Giter Club home page Giter Club logo

rss-lambda's Introduction

rss-lambda

Monitor your favourite blogs through RSS and get a notification whenever a new blog is posted. New blogposts are stored in DynamoDB and (optionally) sent out to your e-mail address using SES. The Step Function function to retrieve the blogs runs every 15 minutes by default. The cost for running the solution should be less than $3 per month, which is mostly influenced by the polling frequency of the function.

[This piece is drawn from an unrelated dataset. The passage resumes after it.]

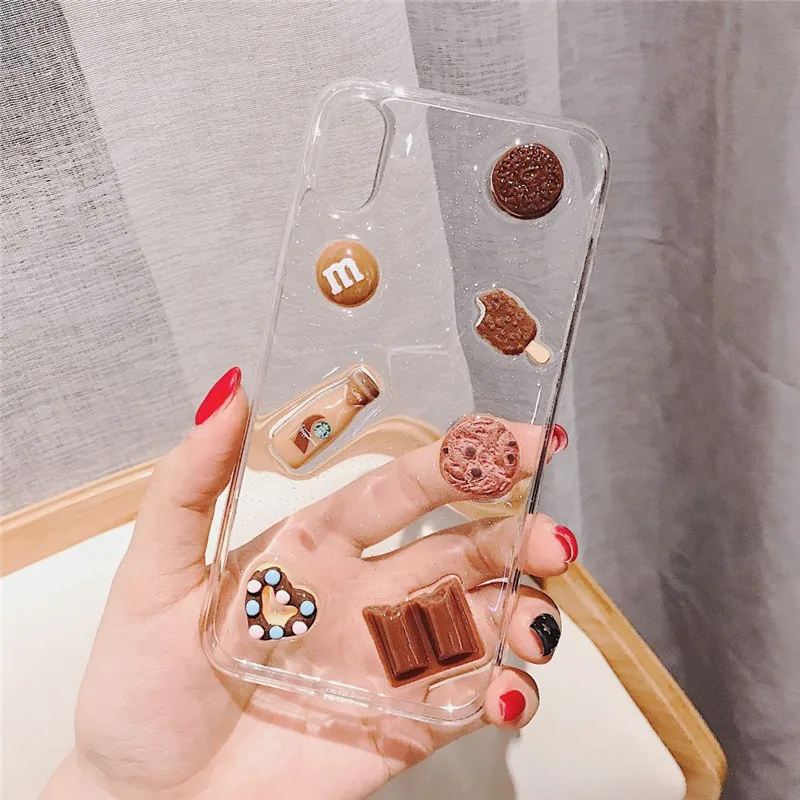 3D яркий шоколадный печенье Прозрачный чехол для телефона для iPhone 11 Pro Max XR XS Max X 6 6S 7 8 Plus силиконовый роскошный мягкий чехол-накладка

You can extend the blog scraper by adding your own RSS feeds to monitor. By default various AWS related feeds are included, but you can add any of your own feeds in the lambda-dynamo/feeds.txt file. Within the DynamoDB table that is deployed, you can find various details about the blogposts and also the text or html versions of the content. This can be helpful in case you are building your own feed scraper or notification service. You can also use the included AppSync endpoint to read data from the table using GraphQL.

Optionally, a JSON output for every blog category can be uploaded as a public S3 object. These files can be included in a single page app, such as the one at https://marek.rocks . The output will be compressed using 'brotli' or something similar later in the future to save on S3 storage and bandwidth costs.

The feed retrieval feature uses a "readability" library which works similarly to the "Reader View" function of the Apple Safari browser. This makes it convenient to read the full text of a blogpost in your email client or on mobile. All of the links, images and text markup is preserved.

Finally, an AppSync public endpoint can be deployed which retrieves the blogposts from DynamoDB. You can include the endpoint in a single page app to query blogpost context real time in a (web) application.

alt text

The following fields are stored in DynamoDB per blog article. In the screenshot, the large HTML and text outputs were omitted;

alt text

Finally, the following State Machine is created to retrieve blog posts;

alt text

Installation

  • Make sure the AWS SAM CLI and Docker are installed and configured on your local machine.
  • If you want, you can edit the RSS feeds in 'lambda/feeds.txt'. These contain various AWS blogs I read by default.
  • Run 'make init' to deploy the stack for the first time. Once the 'samconfig.toml' file is present, you can use 'make deploy'.
  • If you optionally select to use email notifications using SES, you will need to ensure that you have the SES sender and email address preconfigured in your account. There is unfortunately no simple way to provision this using SAM.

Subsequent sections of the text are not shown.